Oliver will perform Guac: My Son, My Hero, on Friday night at the 92nd Street Y in New York City, the first date of a Live Nation-sponsored national tour that will run through 2020, often in cities blighted by gun violence or which have suffered their own mass shootings, among them Orlando, Chicago, New Orleans and Houston.

In “an immersive emotional experience that inspires audiences to take a stand on gun violence”, Oliver uses live painting, audio and visual presentations and monologue to tell the story of Joaquin’s upbringing and his family’s lives in their picture-perfect south Florida community, before and after the shooting.

Its most impactful scene is unquestionably the one in which Oliver, wearing a mask of Joaquin’s face, re-enacts the Parkland shooting through the eyes of his son. He conveys the same chilling terror experienced by students at Saugus high school in Santa Clarita, California, as recently as last Thursday.

But there are lighter moments, too, a recognition that this is after all a production that must weave threads of entertainment through the darker seams of gun violence and the murder of a child.

“We own this story, and that’s sad,” Oliver said. “Usually when you hear people say they own a story it’s a good thing, but nobody wants to own this one.
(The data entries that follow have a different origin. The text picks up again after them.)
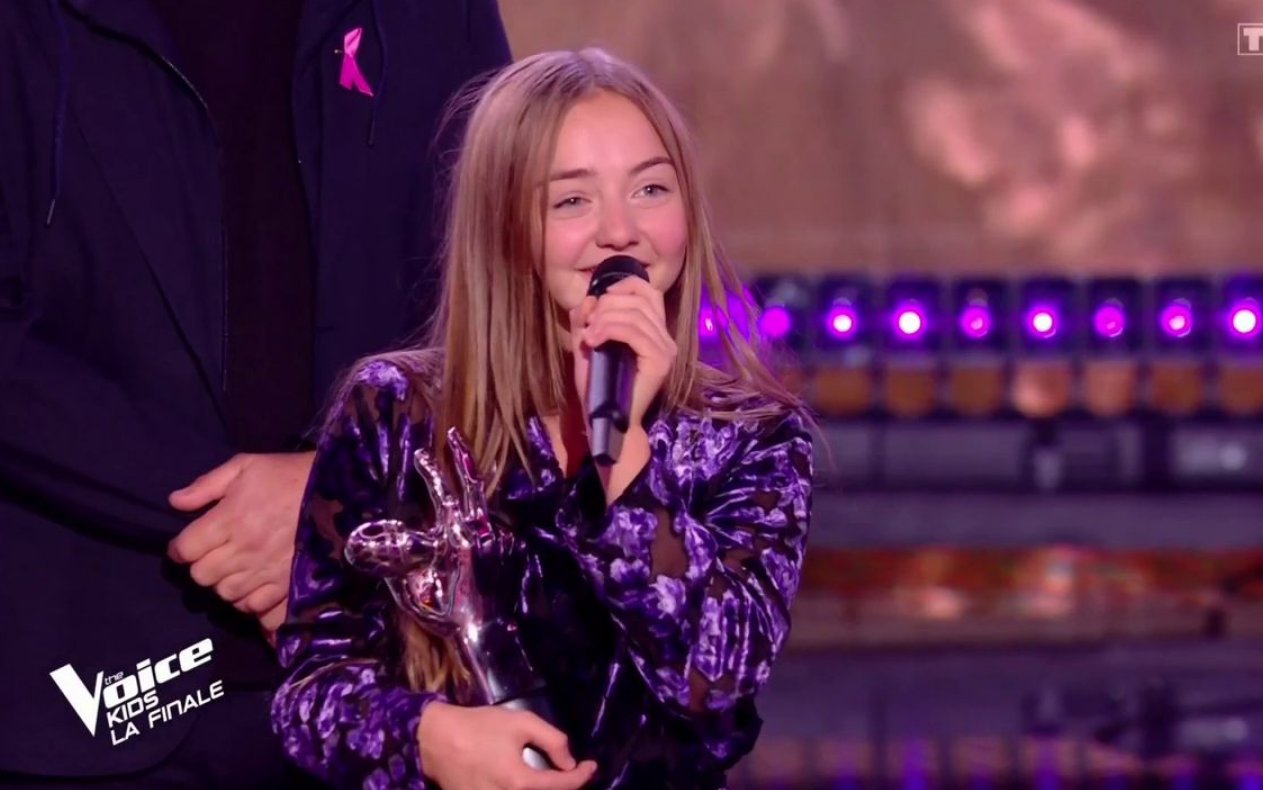 Capture decran 2026 04 27 163524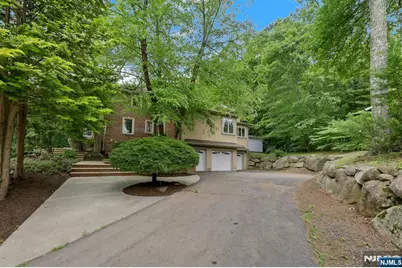 6 Briscoe, Ringwood, NJ 07456 - Photo 47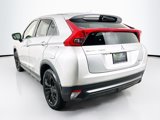 Used 2020 Mitsubishi Eclipse Cross LE image 5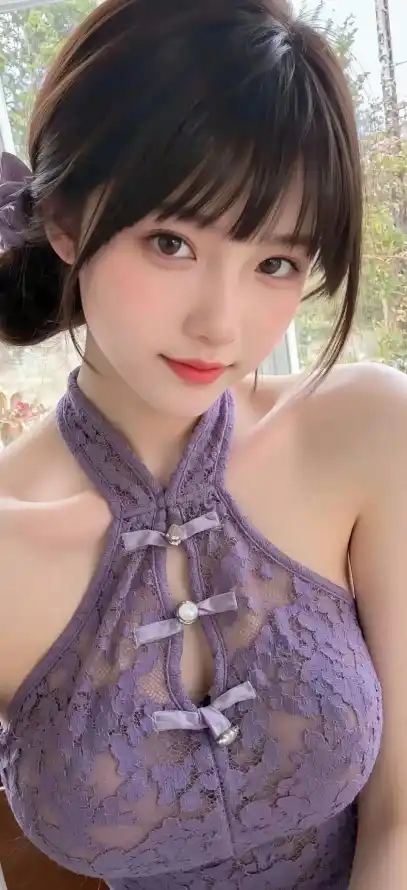 乱暴tubesex中国妞与亚洲国产日本综合aⅴ：亚洲成av人片久久资源深度整合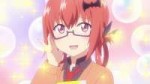 vlcsnap-2017-08-31-17h32m48s407.png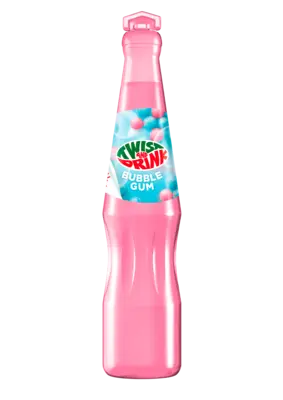 pdp-image-Twist and Drink Bubblegum bel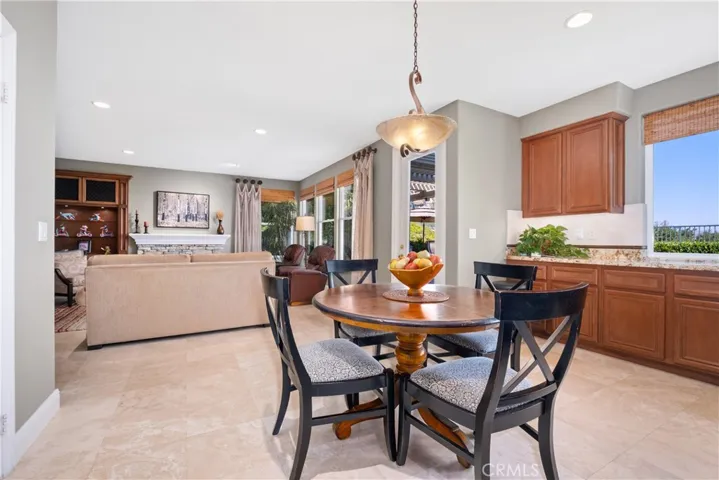 8163 E Morning Sun Lane, Anaheim Hills, California 92808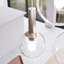 Luminaire suspendu 5 lumières Bubbles-1352894858-1352894859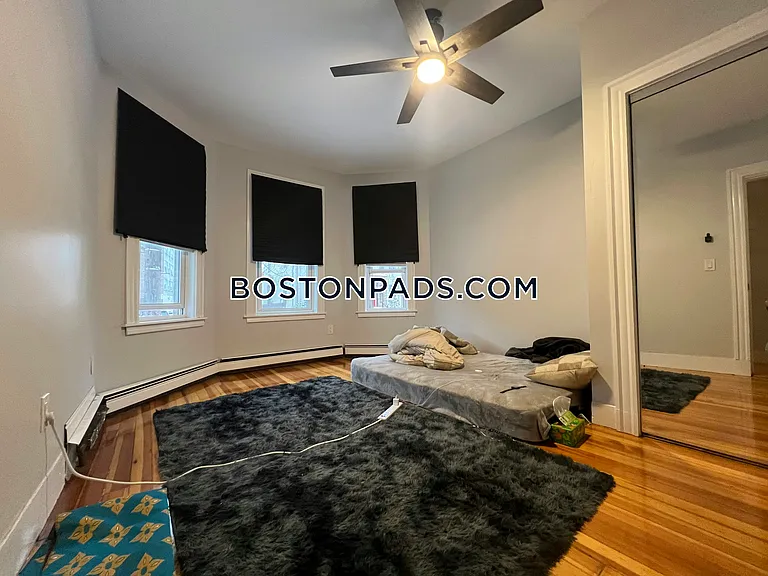 24 Farrington Ave #1 — Photo 49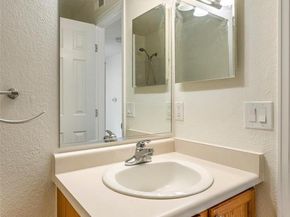 13085 W Cedar Drive 315, Lakewood CO 80228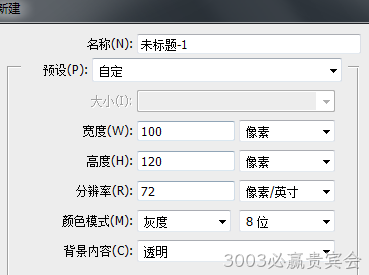 网站开发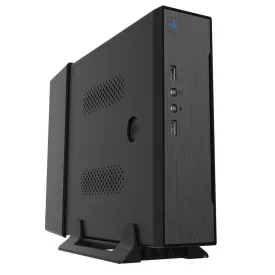 coolbox-caixa-da-torre-do-pc-ipc-2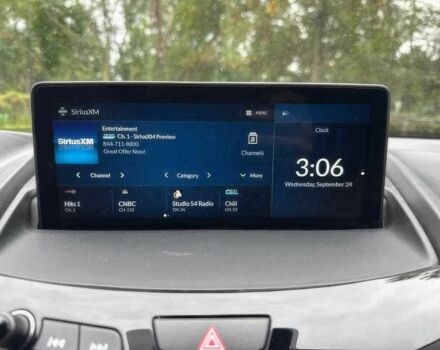 Акура РДХ 2019 в Львове на Automoto.ua Серый Акура РДХ, объемом двигателя 2 л и пробегом 45 тыс. км за 4600 $, фото 10 на Automoto.ua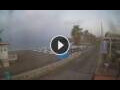 Webcam Costa Adeje (Tenerife)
So when you own it, and you’re not an actor, you find your story is missing something. You start adding stuff you just remember, like, ‘Wait a minute, we were in New York with Joaquin several times, there’s things a New York audience will appreciate.’
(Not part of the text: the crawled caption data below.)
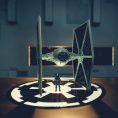 SWJ0377-StarWars-S6LightArmorClassCompleteEditionBoxSet-4_lpr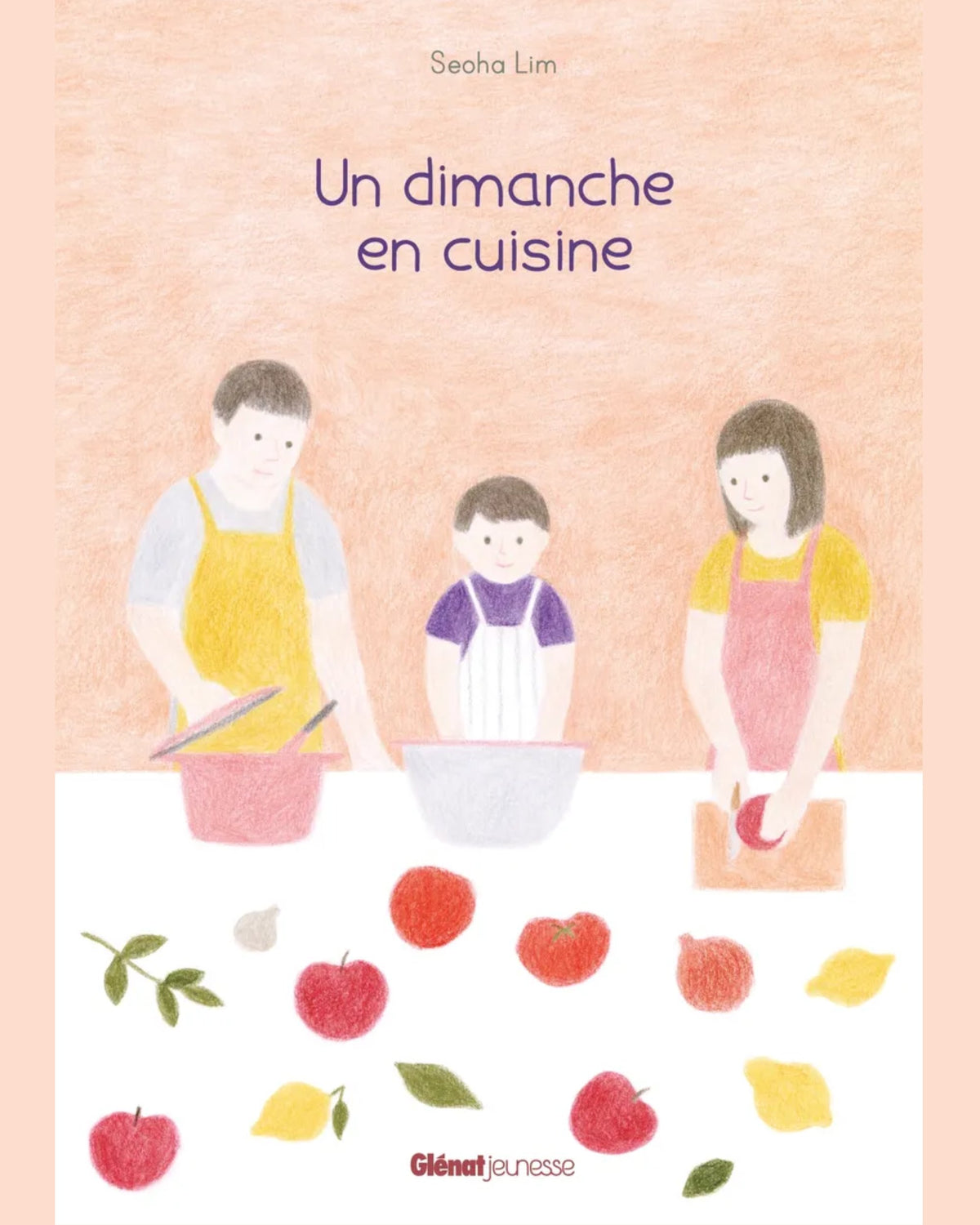 The Art of Airfryer Cooking on a Budget: 130 Simple Recipes for the Whole Family - Audrey Chocmiel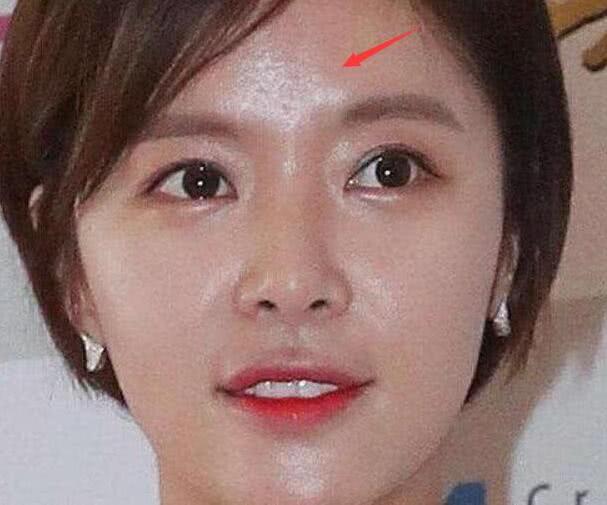 李佳琦推荐粉底液混油皮平价,有什么好用的油皮粉底液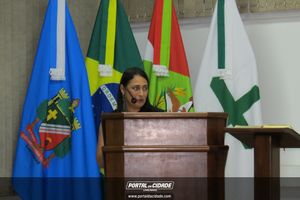 PREMIA&Ccedil;&Atilde;O IOLANDA TREVISANI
“We were lucky to travel with Joaquin, there’s a lot of stories, a lot of memories to share, baseball, basketball, swimming, parties, games, everything. So that brings a lot of content when we need to talk about our son.”

Oliver co-wrote his play with James Clements, a Scottish-born writer, director and producer with a wealth of Broadway experience. The two were introduced by the Tony-winning producer Yael Silver, the show’s executive producer.
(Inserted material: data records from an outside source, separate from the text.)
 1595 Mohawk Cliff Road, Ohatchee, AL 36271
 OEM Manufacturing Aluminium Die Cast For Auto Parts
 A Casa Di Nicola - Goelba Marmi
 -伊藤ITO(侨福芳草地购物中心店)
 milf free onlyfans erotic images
“It’s his true story, it’s his voice and his energy,” Clements said. “The weight of the story is all there, the heaviness, the love and the tragedy are all there. My role is finding the joy. Joaquin and his family shared those wonderful 17 years and his spirit is truly living on in the actions of his parents.

“What happened doesn’t define the lives of Manuel and Patricia, Joaquin or his sister Andrea, it’s the little things that make a family, it’s hot dogs and movies, basketball, Family Guy and Frank Ocean.

“We can surprise the audience with this lightness, this warmth and beauty of the family they built and the magic moments they created. It makes the show all the more impactful.”

Joaquin’s parents differ over how much of a healing process the play has been. Patricia Oliver said poring over old photographs and videos of her “sweet, dreamy son” was at least in part cathartic.

“I’d rather remember Joaquin happy because that was him, this happy, funny, silly, demanding kid,” she said. “When I see the videos, it’s nostalgic and sad but I see him happy and that makes me happy.”

Her husband avoids memories of Joaquin “if I don’t have a reason to do it”.

He said: “I’m able to go over any image, or video of Joaquin, any sound or whatever, as long as I’m making a statement, as long as I’m using that as part of a movement that’s going to create some change or awareness in our society. That’s how I’m able to do that on stage.”

Ultimately, persuading audiences to take action is the primary motivation.

“Once the play is over,” he said, “and you have all those emotions hot, you see in the lobby, before you even leave the building, a booth with March for Our Lives, another asking you to register to vote, another selling a T-shirt, another Gays Against Guns. You have many options, there’s no excuse not to do something.

“If I’d had that chance before 14 February maybe I would get the message, maybe I would take action, maybe I would have been able to save Joaquin. That’s why I want everyone to see this. You can be in the same position as us, and the question is, what are you going to do about that?”